Depends on your environment. "xsetroot" is the basic tool to adjust the X "root window", but it cannot handle JPEG. You could use the package graphics/qiv: `qiv -x path/to/your/image.jpg`

But note that common desktop environments overlay the root window with a fullsize pseudo window (f.e. to make desktop icons possible), so you won't see anything of it on such environments.


----------



## SirDice (May 4, 2021)

Most desktop environments have their own configuration panel to set the desktop's background.


----------



## tedbell (May 4, 2021)

Use feh


			feh – a fast and light image viewer


----------



## dalpets (May 4, 2021)

SirDice said:


> Most desktop environments have their own configuration panel to set the desktop's background.


Found it for Lumina environment.

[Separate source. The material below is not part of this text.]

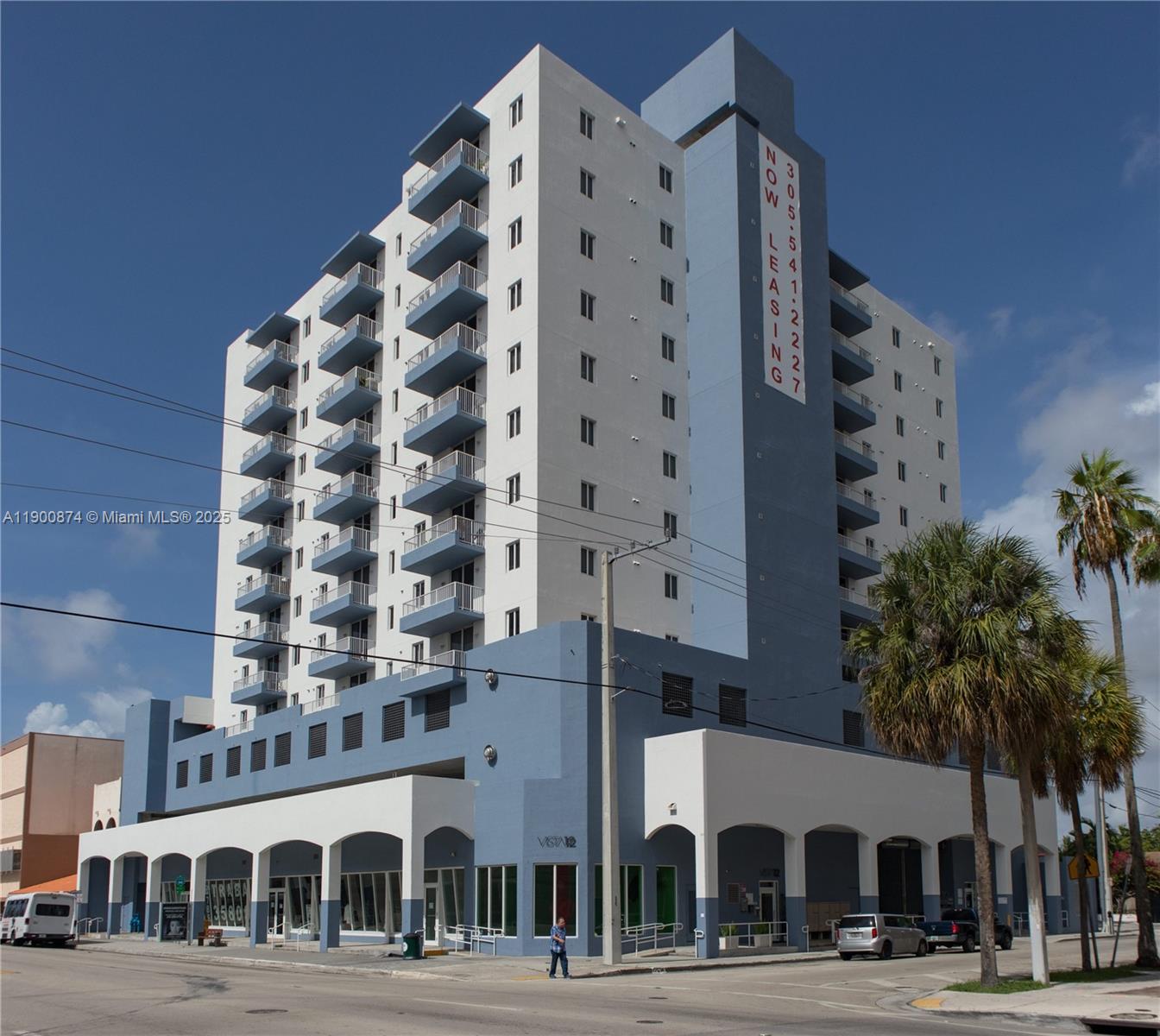 420 SW 12th Ave #1107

Now for Mate!
Have now also got Mate working
The ability to add jpeg images is possible for both from their respective desktop config panels. Turns out to be easy if you know your way around!


----------



## SirDice (May 4, 2021)

dalpets said:


> Turns out to be easy if you know your way around!


Everything is easy once you know how to do it 

But yeah, there's no "general" way to configure a desktop environment, they all do things in their own way. So it sometimes takes a little searching to find the configuration panel you need in order to do what you want.


----------